Metik dan Panen Padi mitra Koperasi Kelurahan Merah Putih ini dihadiri oleh Bupati Blitar, Drs. H. Rijanto, MM dan Forkopimda Kabupaten Blitar.

Rijanto menegaskan bahwa panen raya ini merupakan wujud komitmen Pemerintah Kabupaten Blitar dalam mendukung program pemerintah pusat, khususnya penguatan ketahanan pangan nasional.

Menurutnya, penguatan Koperasi Kelurahan Merah Putih merupakan langkah strategis dan visioner untuk memperkuat ekonomi rakyat, meningkatkan kesejahteraan petani, menciptakan kemandirian pangan lokal, serta memotong rantai distribusi agar nilai tambah lebih dirasakan oleh petani.

“Koperasi harus dikelola secara profesional, transparan, dan akuntabel. Koperasi harus menjadi rumah besar ekonomi rakyat yang benar-benar hidup, produktif, dan memberi dampak nyata bagi masyarakat,” tegas Bupati.

Lebih lanjut disampaikan, Pemerintah Kabupaten Blitar berkomitmen mendukung sektor pertanian dan penguatan koperasi melalui peningkatan sarana dan prasarana pertanian, pendampingan petani, penguatan kelembagaan ekonomi, serta sinergi lintas sektor. Hal tersebut dilandasi keyakinan bahwa ketahanan pangan merupakan fondasi utama kedaulatan daerah dan bangsa.

Sementara itu, Kepala Dinas Koperasi dan UKM Kabupaten Blitar, Dra. Sri Wahyuni, M.Si, menjelaskan bahwa KKMP Wlingi telah menjalin kemitraan dengan para petani dalam penanaman padi. Hasil panen selanjutnya diproses melalui penggilingan dan dipasarkan oleh koperasi dalam bentuk beras, sehingga memberikan kepastian pasar bagi petani.

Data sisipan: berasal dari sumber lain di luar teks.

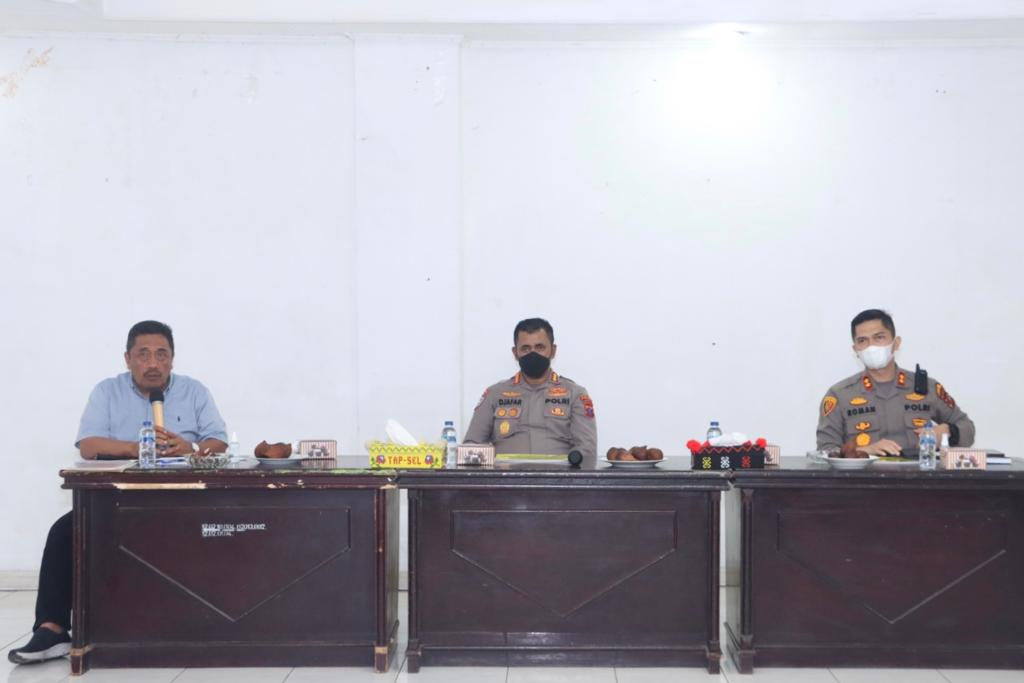 Kapolres AKBP Roman Dampingi Dirbinmas Polda Sumut Pimpin Anev Mingguan Penanganan Penyebaran Virus Covid - 19 Bersama Forkopimda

Ke depan, KKMP Wlingi diharapkan mampu berperan lebih luas dalam memenuhi kebutuhan petani, mulai dari penyediaan benih, pupuk, obat-obatan pertanian hingga alat dan mesin pertanian (alsintan). Meskipun masih menghadapi keterbatasan modal, koperasi ini terus menunjukkan perkembangan positif dengan peningkatan jumlah anggota dari 28 orang menjadi 76 orang.

Baca Juga :  Wali Kota Blitar: Daya Beli Masyarakat Kota Blitar Masih Terkendali

Kegiatan metik dan panen raya padi ini menjadi bagian dari upaya bersama dalam mewujudkan swasembada pangan. Pemerintah Kabupaten Blitar berharap, melalui penguatan koperasi dan kemitraan yang berkelanjutan dengan petani, Blitar mampu tidak hanya memenuhi kebutuhan pangannya sendiri, tetapi juga berkontribusi sebagai daerah penyangga pangan bagi Jawa Timur dan nasional.